A new report from the New York-based Human Rights Watch (HRW) details the excesses and threats of governments over the past year.
HRW's ''World Report 2014'' is sobering reading. So too is the Freedom in the World assessment published by Freedom House. These two book-length views of today's world have no connection. It is all the more sobering, then, that they have reached such similar conclusions.
"The state of freedom declined for the eighth consecutive year in 2013," was Freedom House's introduction to its report. HRW summed up the struggle for human rights as, ''stopping mass atrocities, majority bullying, and abusive counter-terrorism''.
That is not so say that everything is bleak. Indeed, the sky is not falling yet. Rather, there is a tendency for governments, most especially Asean governments, to reach for the facile stopgap instead of serious solutions to the many problems.

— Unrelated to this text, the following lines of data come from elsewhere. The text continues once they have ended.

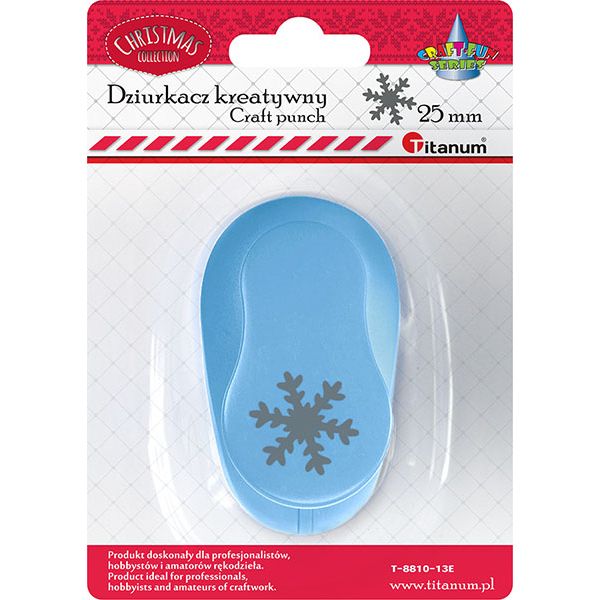 TITANUM DZIURKACZ WZOREK PŁATEK ŚNIEGU 25MM 418377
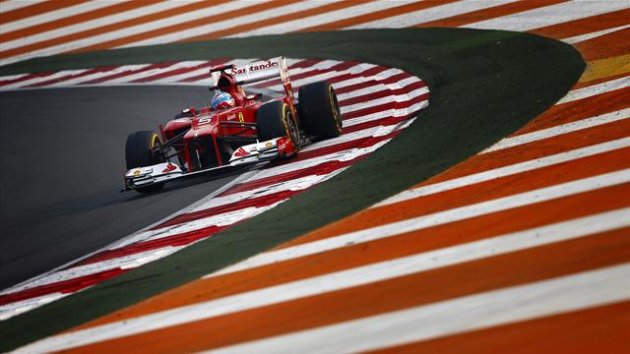 2012 Indian GP Ferrari Alonso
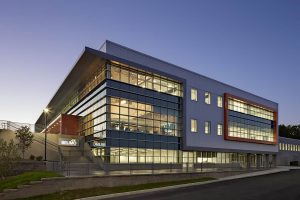 Exterior of Belimo Americas/ Robert Benson Photography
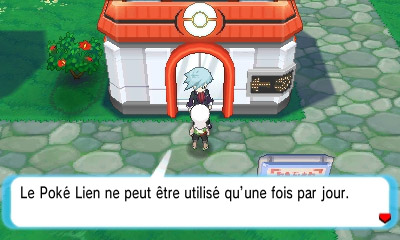 Le Poké Lien pour transférer Pokémon et objets venant de la démo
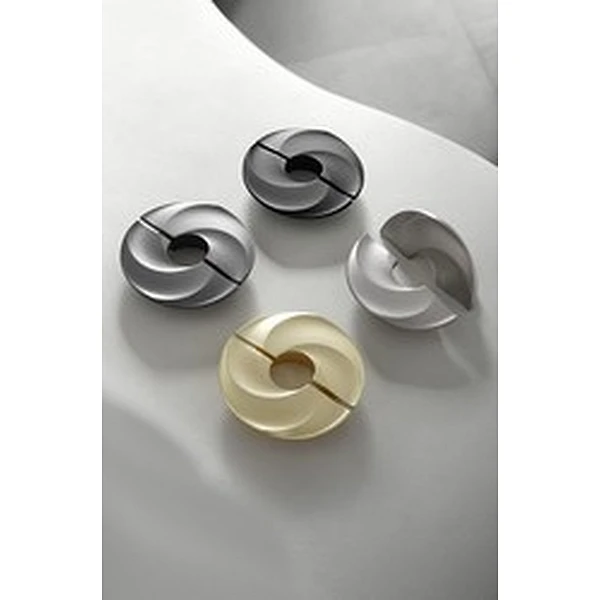 High quality zinc alloy Modern unique design gold black handle Nordic cabinet drawer wardrobe handle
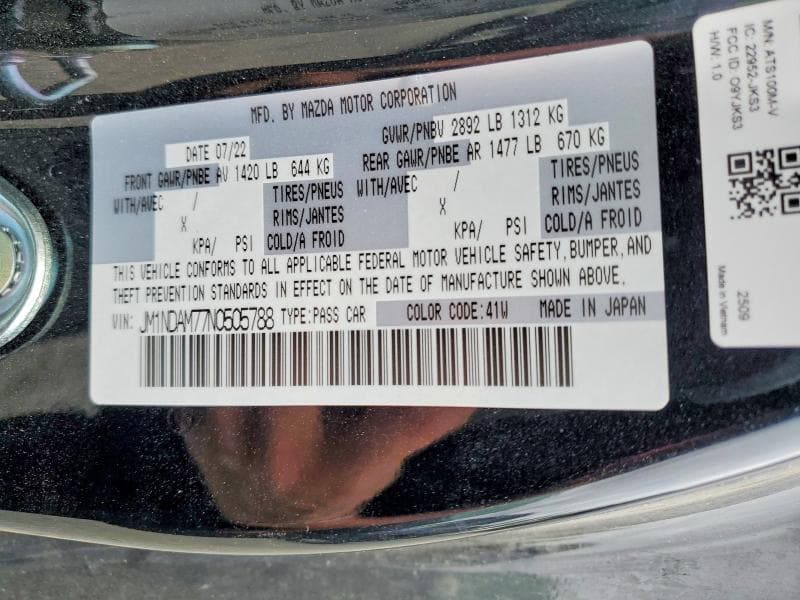 2022 MAZDA MX-5 MIATA GRAND TOURING 13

Take Indonesia, for example. It has been a world-class shining star in democratic development. Yet last year, for no obvious reason and to the detriment of human rights, it passed and began enforcing a new law that restricts all activities by non-governmental organisations.
Of course this country realises that one need not leave Thailand to see and feel abuses. The state of emergency only provided more evidence of an actual government policy to restrict even basic rights such as freedom of speech and to gather to petition the government.
The lese majeste laws were misused and abused more than ever during the past year. And the idea of accountability remained foreign to every government and justice agency the 2010 killings, the Tak Bai and Krue Se incidents and the infamous killing of 2,500 ''suspects'' in Thaksin Shinawatra's war on drugs, just for example.
But the situation outside Thailand was just as bad, or worse, in 2013. A single country, Malaysia, prevented Asean from adopting even the most basic protection for lesbian, gay, bisexual and transgender persons in any Asean document. Deputy Prime Minister Muhyiddin Yassin said such ''deviant practices are poisoning the minds'' of Muslims. Our southern neighbour also vetoed an effort to mention protection of migrant workers in any Asean human rights document.
The Indochinese countries comprised a rather nasty sub-group of Asean. To use the straightforward but credible judgements of HRW, ''The human rights situation in Vietnam deteriorated significantly in 2013'', accelerating a years-long trend. Cambodia is ''engulfed in a human rights crisis'' sparked by the unconvincing, probably rigged re-election of Prime Minister Hun Sen's political party.
Laos has replaced Myanmar as the most repressive in the region. As a prime example, the government has not even bothered to address the disappearance of development aid worker Sombath Somphone. The internationally known NGO leader was last seen on CCTV footage being abducted and forced into what apparently was a government vehicle. His disappearance is an obvious warning to anyone who might think of challenging the Vientiane regime.
Asean has almost unlimited ambition to grow and develop, beginning next year with the launch of the Asean Economic Community. However, the refusal to address and redress human rights abuses will block such hopes. To win respect and to advance in the world, all Asean members must halt and reverse such abuses.